Aim of the exercise => Below is a listing; reproduce each line of it exactly.
↓↓↓
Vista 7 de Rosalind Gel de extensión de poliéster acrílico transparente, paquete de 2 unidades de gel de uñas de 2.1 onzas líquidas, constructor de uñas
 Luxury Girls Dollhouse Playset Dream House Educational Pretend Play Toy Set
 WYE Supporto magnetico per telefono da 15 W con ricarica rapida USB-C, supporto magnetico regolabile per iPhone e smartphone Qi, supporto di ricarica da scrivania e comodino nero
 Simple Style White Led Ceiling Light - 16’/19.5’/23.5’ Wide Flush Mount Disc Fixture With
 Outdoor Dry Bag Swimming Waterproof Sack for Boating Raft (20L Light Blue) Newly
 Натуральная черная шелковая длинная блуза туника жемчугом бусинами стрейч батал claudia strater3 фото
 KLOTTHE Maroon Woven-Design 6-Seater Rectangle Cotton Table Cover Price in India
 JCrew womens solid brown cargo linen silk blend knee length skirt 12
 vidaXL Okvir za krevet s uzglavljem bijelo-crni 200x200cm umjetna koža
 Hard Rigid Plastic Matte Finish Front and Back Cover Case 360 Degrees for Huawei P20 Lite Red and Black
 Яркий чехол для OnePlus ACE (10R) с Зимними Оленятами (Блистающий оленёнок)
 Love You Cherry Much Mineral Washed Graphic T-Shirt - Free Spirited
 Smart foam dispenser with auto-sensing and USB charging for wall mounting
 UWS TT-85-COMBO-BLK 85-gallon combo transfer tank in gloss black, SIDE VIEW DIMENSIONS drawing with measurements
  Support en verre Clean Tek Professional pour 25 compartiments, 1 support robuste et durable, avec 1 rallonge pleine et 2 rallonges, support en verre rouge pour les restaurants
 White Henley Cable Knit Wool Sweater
↑↑↑
Written response =>
Vista 7 de Rosalind Gel de extensión de poliéster acrílico transparente, paquete de 2 unidades de gel de uñas de 2.1 onzas líquidas, constructor de uñas
 Luxury Girls Dollhouse Playset Dream House Educational Pretend Play Toy Set
 WYE Supporto magnetico per telefono da 15 W con ricarica rapida USB-C, supporto magnetico regolabile per iPhone e smartphone Qi, supporto di ricarica da scrivania e comodino nero
 Simple Style White Led Ceiling Light - 16’/19.5’/23.5’ Wide Flush Mount Disc Fixture With
 Outdoor Dry Bag Swimming Waterproof Sack for Boating Raft (20L Light Blue) Newly
 Натуральная черная шелковая длинная блуза туника жемчугом бусинами стрейч батал claudia strater3 фото
 KLOTTHE Maroon Woven-Design 6-Seater Rectangle Cotton Table Cover Price in India
 JCrew womens solid brown cargo linen silk blend knee length skirt 12
 vidaXL Okvir za krevet s uzglavljem bijelo-crni 200x200cm umjetna koža
 Hard Rigid Plastic Matte Finish Front and Back Cover Case 360 Degrees for Huawei P20 Lite Red and Black
 Яркий чехол для OnePlus ACE (10R) с Зимними Оленятами (Блистающий оленёнок)
 Love You Cherry Much Mineral Washed Graphic T-Shirt - Free Spirited
 Smart foam dispenser with auto-sensing and USB charging for wall mounting
 UWS TT-85-COMBO-BLK 85-gallon combo transfer tank in gloss black, SIDE VIEW DIMENSIONS drawing with measurements
  Support en verre Clean Tek Professional pour 25 compartiments, 1 support robuste et durable, avec 1 rallonge pleine et 2 rallonges, support en verre rouge pour les restaurants
 White Henley Cable Knit Wool Sweater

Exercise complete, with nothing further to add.